To solve the problems discussed above, future work will be divided into two lines: First, a tensor-based FrFT transformation method must be designed, in order to better maintain the spatial characteristics in the transformation process. Second, determining how to adaptively select the optimal parameters will be key to improving the algorithm.

5. Conclusions

Anomaly targets are usually multi-pixel objects, and algorithms based on test point vectors hinder accurate anomaly detection. Data in the FrFD have complementary strengths, when compared to the original reflectance spectrum and its Fourier transform, such that discrimination between anomalies and the background can be enhanced. In this paper, tensor RX based on FrFT was proposed for hyperspectral AD. First, the original HSI was transformed into the FrFD by FrFT with FrFE maximization. In the FrFD, the complementary advantages of the intermediate domain were exploited in the data, which increased the discrimination between the target and background and improved the AD performance. Then, in the FrFD, TRX was used to detect anomaly targets. TRX employed a test point tensor and made better use of the spatial characteristics of the test point. Finally, the optimal AD result was achieved by adjusting the spatial sizes of the target and background as well as the fractional order of FrFT. The order was first selected by FrFE maximization, and its optimal value was inversely adjusted using the optimal values for the spatial dimensions of the test point and background tensors. FrFT was based on a test point vector and mainly used spectral information, while TRX in the FrFD was based on a test point tensor. The AD results were influenced not only by the fractional order of FrFT but also by the spatial dimensions of the test point and background tensors, such that the optimal fractional order could not be selected by FrFE maximization. The experimental results on five real HSIs indicated that the proposed FrFT-TRX algorithm was generally superior to the six algorithms of the same type considered in the comparison.

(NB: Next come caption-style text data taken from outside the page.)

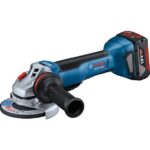 AKUMULATORSKI KOTNI BRUSILNIK BOSCH PROFESSIONAL GWS 18V-10 P + L-BOXX – dodatni pogled 1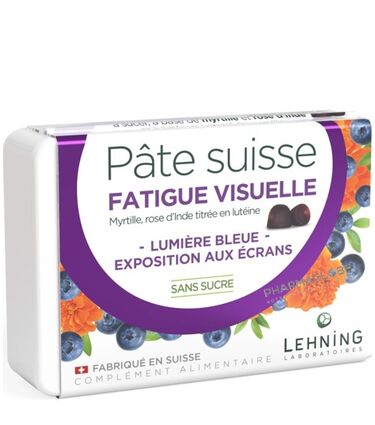 pate-suisse-fatigue-visuelle-boite-40-gommes-sucer-sans-sucre-lehning-lumiere-bleue-exposition-ecrans-pharmaglobe.lu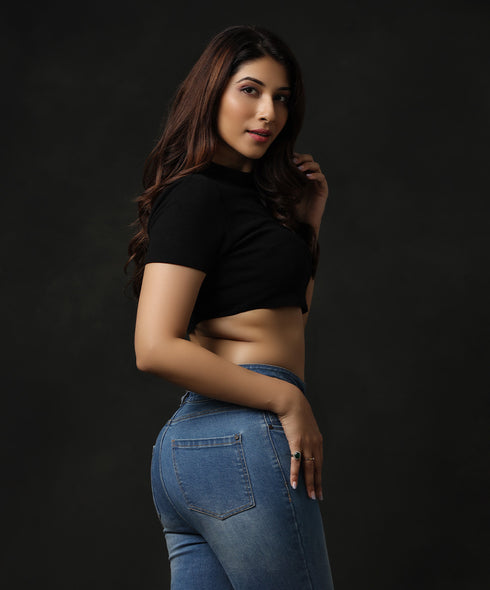 Waist Detailed High Rise Jean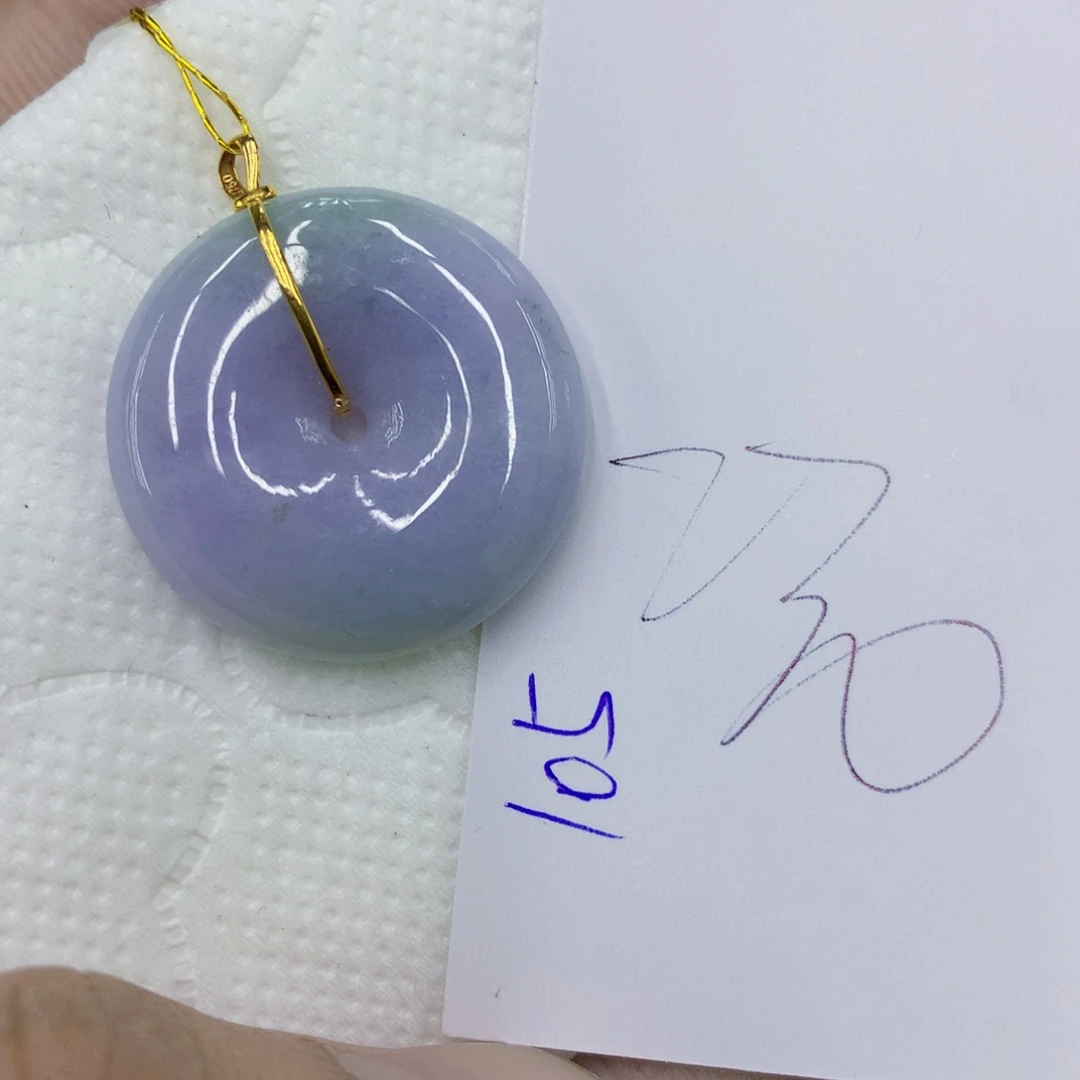 颈饰18K金镶嵌翡翠翡翠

FrFT is based on a test point vector and mainly uses spectral information, while TRX in the FrFD is based on a test point tensor and makes use of the spatial–spectral characteristics of HSIs. To improve the proposed algorithm, we must determine how to preserve the spatial characteristics of HSIs in the process of FrFT. In addition, the optimal values of the three parameters in the proposed FrFT-TRX algorithm were determined experimentally in this work and, therefore, the adaptive selection of optimal parameters must be achieved in future work.